The Categories of Silent Assumptions
When code fails to last, the failure usually traces back to one of a few assumption categories:
Data shape assumptions: Your service receives a JSON payload and accesses payload.user.address.city directly. Works perfectly until the upstream team restructures their payload — at which point your service throws NPEs and nobody immediately understands why. The assumption was that this path always exists. A defensive deserializer with clear error messages when required fields are absent would have made the assumption explicit and the failure legible.
Load assumptions: A background job that runs fine at 1,000 records takes 45 minutes at 500,000. The algorithm that was good enough at the initial data volume — an O(n²) nested loop that compares every record to every other — becomes a production incident two years later when the table grows. Load assumptions are particularly dangerous because they're invisible at development time.
Dependency behavior assumptions: Your service assumes the payment API responds in under 500ms, so your connection timeout is 1 second. When the payment provider has a slow day and responses take 2 seconds, your requests time out, your retry logic kicks in, and you've now doubled your traffic to an already-struggling upstream service. The assumption was normal behavior. The 99th percentile was never modeled.
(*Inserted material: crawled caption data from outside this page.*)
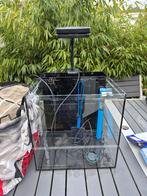 Aquarium cube 10( 40 l), Animaux & Accessoires, Poissons | Aquariums & Accessoires, Enlèvement, Utilisé, Aquarium vide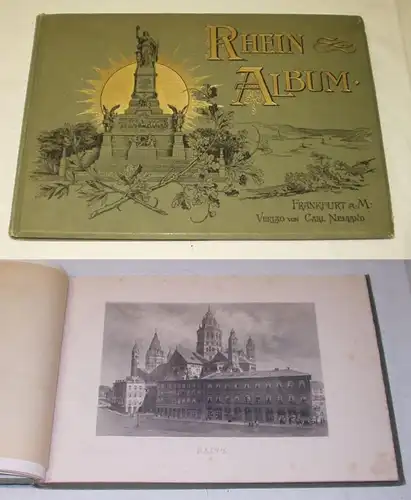 F. Foltz "Rhein-Album" vers 1900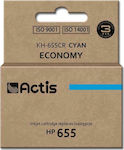 Actis Inkjet Printer Compatible Ink HP 655 CZ110AE 12ml Cyan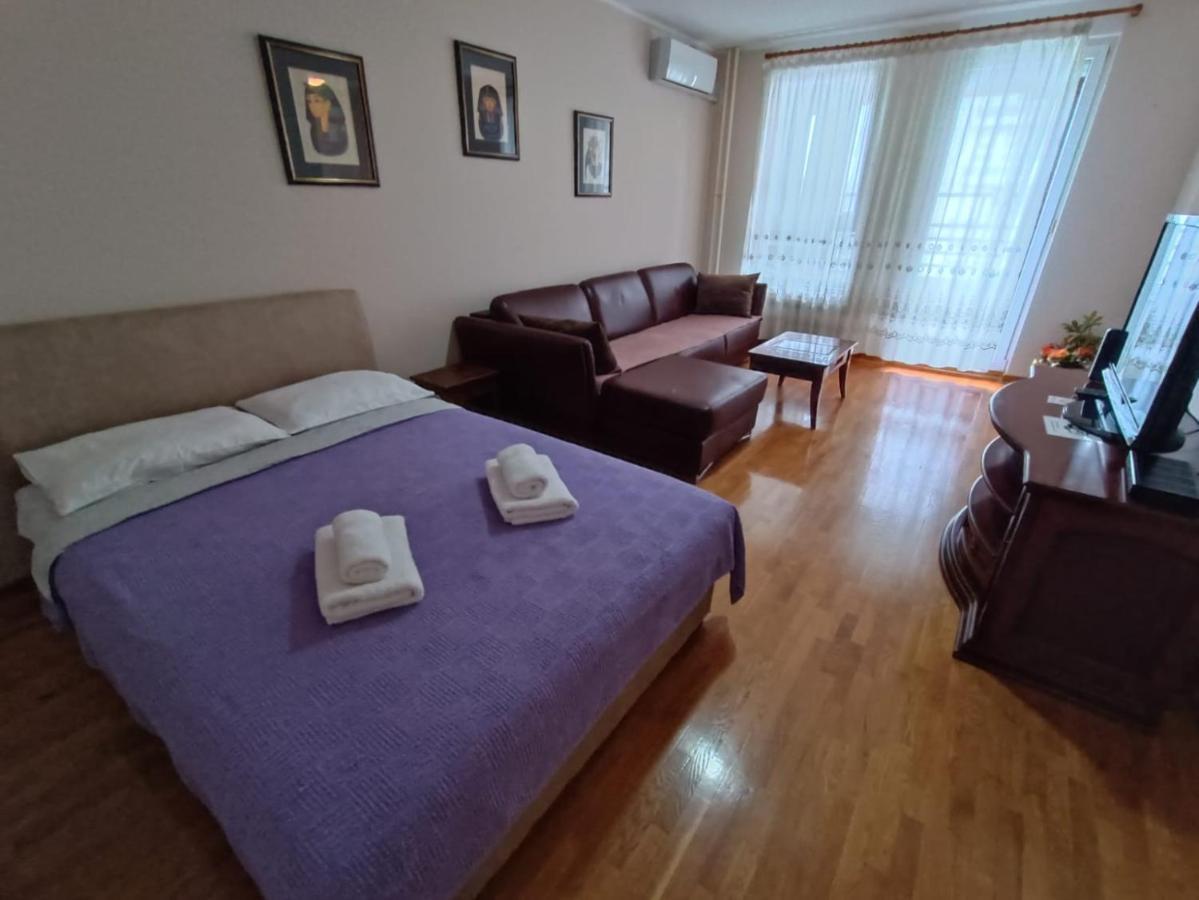 Apartments Belville Lux เบลเกรด ห้อง รูปภาพ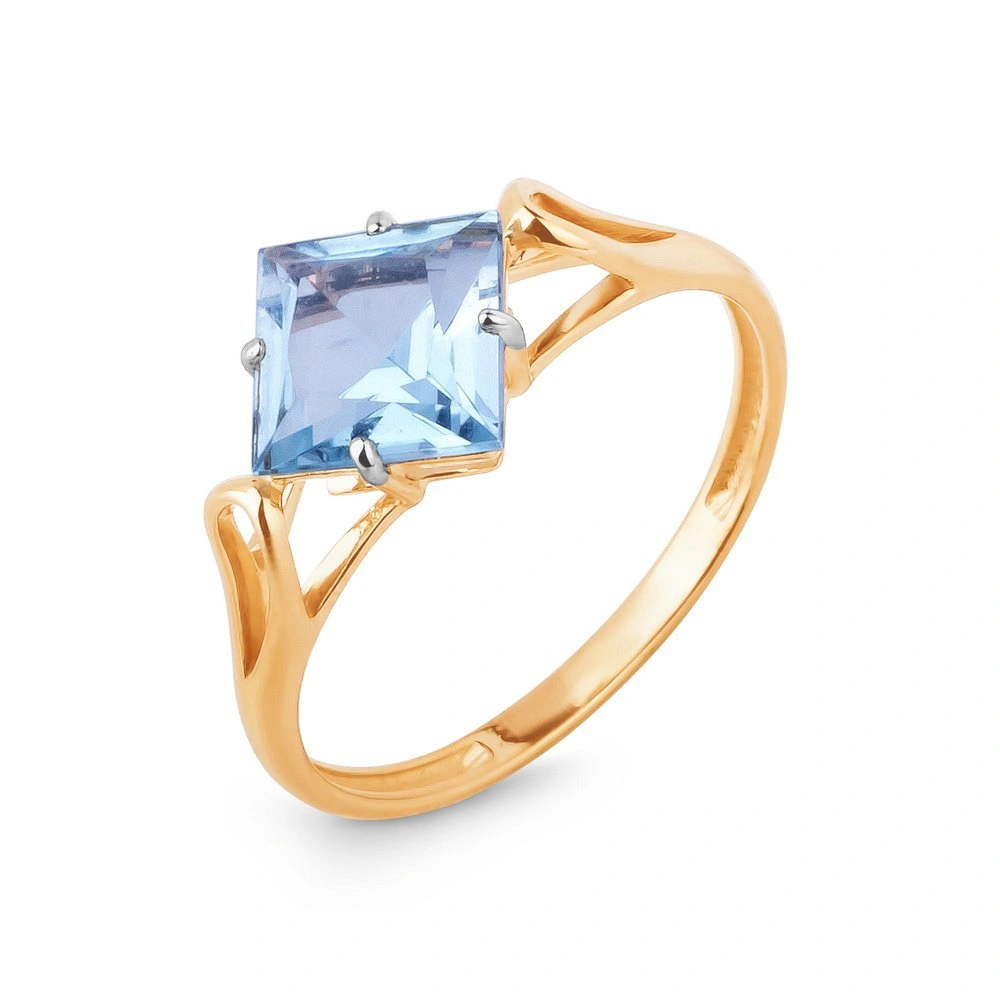 Кольцо Костромской ювелирный завод 11300229 18,5р.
Team knowledge assumptions: Code that requires tribal knowledge to operate safely. The deploy script that works only if you run it from the main branch. The migration that requires manually disabling a constraint first. The cron job that must not run concurrently. None of this was documented because the author knew it — and would always be there to explain it. Until they weren't.
What "Lasting" Looks Like Structurally
Code built to last is not necessarily more complex than code that merely works. Often it's simpler, because it's made explicit decisions about what to support rather than implicitly supporting everything.
// Works: assumes the config key exists and is a valid integer
int timeout = Integer.parseInt(config.get("timeout_ms"));
// Lasts: names the assumption, provides a recoverable default,
// and fails fast with a clear message when the config is wrong
int timeout = config.getInt("timeout_ms")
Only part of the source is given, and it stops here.